Besides that, I actually attempted to revisit an ambitious ML project idea for suggesting vocabulary words to language learners. I felt slightly overwhelmed since compared to Kaggle, starting this new research project felt beyond my reach as of now. I feel like I have the tools now, but piecing them in a way that makes sense is something I still lack. In the end, I decided it would be best to get some more experience first in a structured way (i.e. reading research, smaller projects).

Feburary 1, 2024

  • Finished reviewing ISLR chapter 4 on LDA, QDA, Naive Bayes, and other generalized linear models.
  • Watched NLP lecture 4 on dependency parsing. Boy was it a great taste of a mix of classical and computational linguistics! I found it nice that he compared the old methods of Dynamic Programming and MST-based approaches with the newer neural approaches. Always good to see the evolution of NLP!
  • More feature engineering on Titanic.

February 2, 2024

  • Watched NLP lecture 5 on RNNs. Cool to see Manning introduce them with such a clear motivation and context behind it.
  • Applied PCA and more visualizations on titanic dataset. Also used KNN imputing and learned about the missing forest algorithm
  • Reviewed all of chapter 5 ISLR.

Today was very packed with exams coming up next week and trying to balance my commitment with CLOV. Nonetheless, you already know we're pulling it off!

February 3, 2024

  • Watched NLP lecture 6 on LSTMs. Words can't express how much I'm looking forward to learning about BERT and other transformer models!
  • Finished final touches on my Titanic notebook and I'm ready to present tommorow.
  • Reviewed half of chapter 6 ISLR. Will finish up the rest of the review during the clov session

Besides the usual, I've encountered a project idea that I'm extremely passionate about. I'm planning on implementing an advanced, deep learning recommendation system for vndb.net, the imdb equivalent for visual novels. With a combination of wrangling real world data dumps, reading SOTA research, and presenting results with web programming, it's going to be one hell of an exciting project! Being eager to start, I already started looking into an overview of neural recommendation systems, including NCF, Wide & Deep, DeepFM, and more.

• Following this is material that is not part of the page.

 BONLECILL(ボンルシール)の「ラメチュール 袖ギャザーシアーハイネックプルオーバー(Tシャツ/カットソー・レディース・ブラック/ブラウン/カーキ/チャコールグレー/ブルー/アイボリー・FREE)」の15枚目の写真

I honestly think this project will beef up my skills unlike a normal kaggle competition, as I have to deliver something production-ready for end-users. Paper grind incoming, stay tuned for more!

Feburary 4, 2024

  • Reviewed the latter half of ISLR chapter 6 and took notes.
  • Worked through ISLR chapter 4, 5, and 6 problem-sets with Sai. We're ready to get back to the 10 pages a day pace starting tommorow with chapter 7.
  • Brainstormed potential project ideas incorporating NLP/CV and SWE to create value. That's what CLOV is all about!
  • Began exploratory data analysis on the visual novel data dumps. There's so many columns, missing data, dozens of tables, SQL structure, etc. that this phase will take quite some time. Working on some real-world data is just the practice I need!

Changelog

As I got started with a decently sized project for implementing xDeepFM for VNDB with a production-ready UI, I won't be working on Kaggle as much for the time being.

We strongly believe that projects from scratch where you have to get your own data, form your own hypothesis, problem statement, etc. is the best form of learning.

The biggest change is that we're going to be publishing entries every 2 weeks, rather than every week.

Goals for next week

  • Continue EDA on VNDB & start reading the xDeepFM paper.
  • Complete first two assignments of CS224N
  • Complete chapter 7 and chapter 8, including problems
  • Continue 10 pages ISLR & 1 lecture a day pace